TASK PROMPT
Make an exact copy of every entry below, with the pictures left out.
*** RECORDS SHOWN Section Begins ***
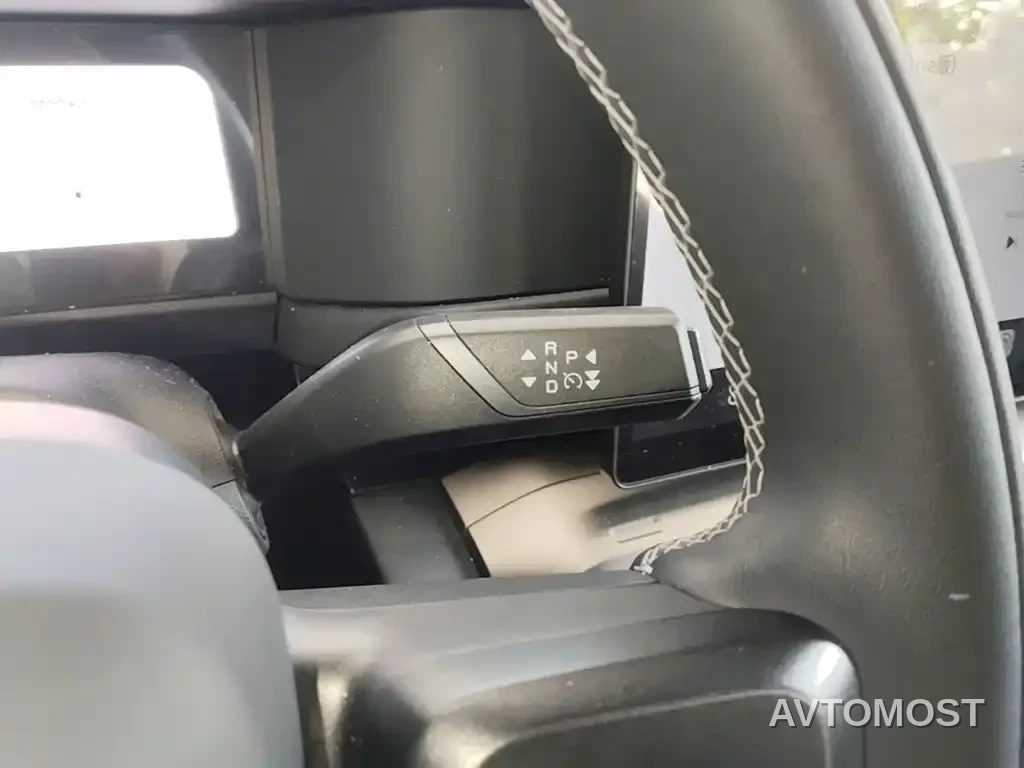 Chery Fengyun Storm X3L 2025 Model 4WD Premium Edition — фото 11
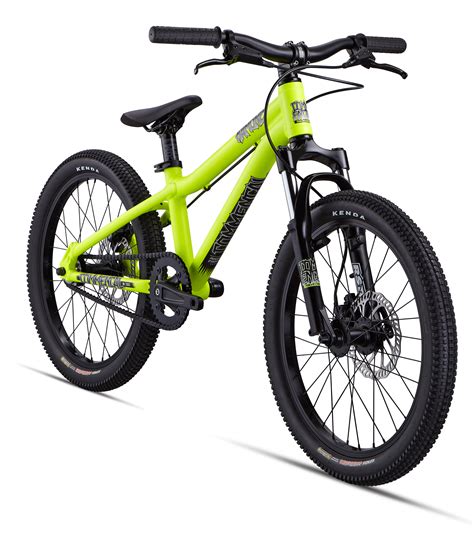 Commencal Youth Bikes 2014 | www.drovercycles.co.uk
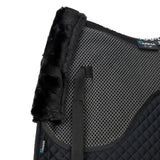 Shires Arma Soft Grip numnah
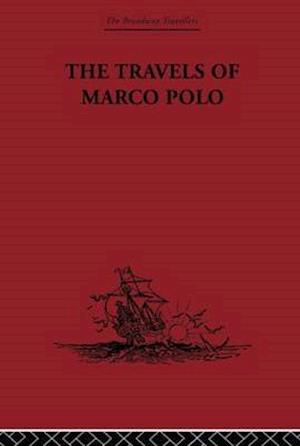 The Travels of Marco Polo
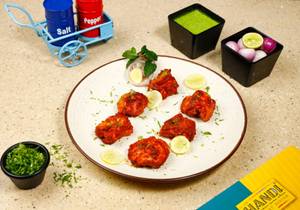 Tandoori Chicken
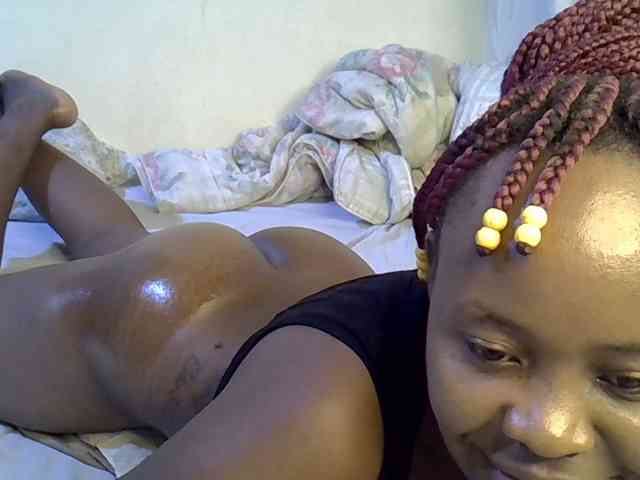 flirty-girl webcam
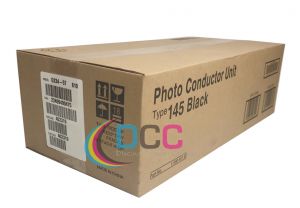 Ricoh TYPE 145 Black Photoconductor Kit 402319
*** RECORDS SHOWN Section Ends ***
ANSWER AREA
 Chery Fengyun Storm X3L 2025 Model 4WD Premium Edition — фото 11
 Commencal Youth Bikes 2014 | www.drovercycles.co.uk
 Shires Arma Soft Grip numnah
 The Travels of Marco Polo
 Tandoori Chicken
 flirty-girl webcam
 Ricoh TYPE 145 Black Photoconductor Kit 402319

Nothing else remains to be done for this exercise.